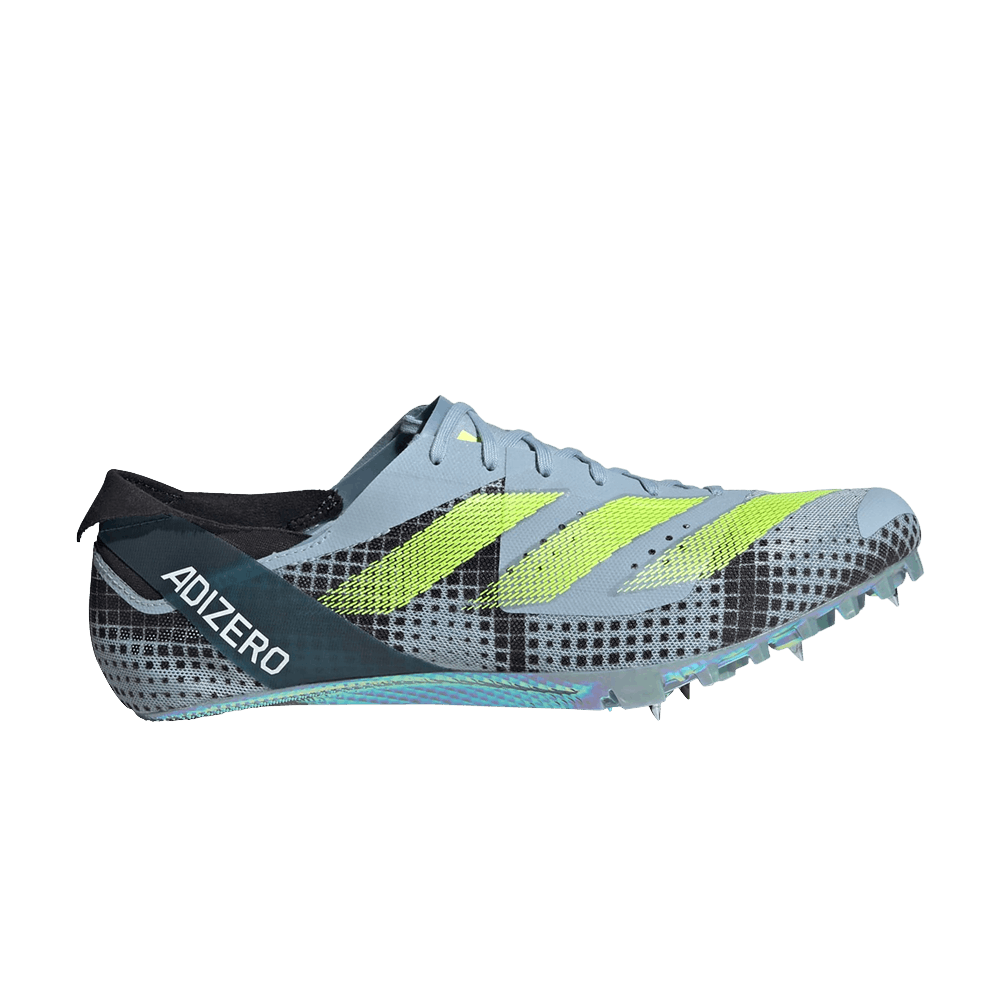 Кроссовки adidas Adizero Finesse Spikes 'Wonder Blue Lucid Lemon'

* * *

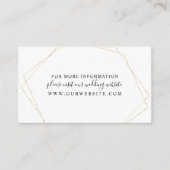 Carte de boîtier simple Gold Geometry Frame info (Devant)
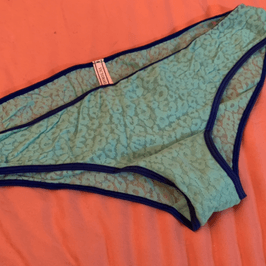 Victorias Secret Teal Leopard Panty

==

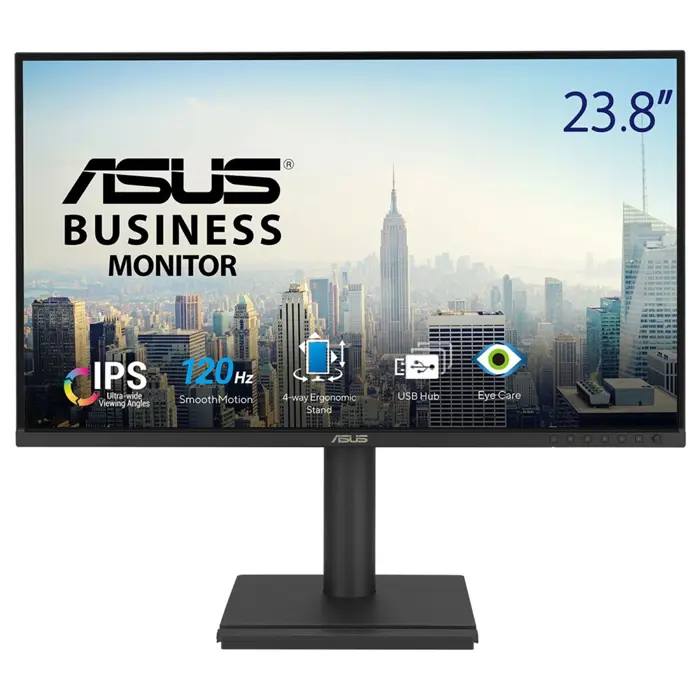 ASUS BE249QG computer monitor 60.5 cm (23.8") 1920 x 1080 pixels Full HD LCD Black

ABOUT THIS EXERCISE.
In the material above, one part opens with the line containing "Carte de boîtier" and closes with the line containing "Victorias Secret Teal Leopard Panty". Write out that part exactly and skip its pictures.

OUTPUT FOR THIS TASK.
 Carte de boîtier simple Gold Geometry Frame info (Devant)
 Victorias Secret Teal Leopard Panty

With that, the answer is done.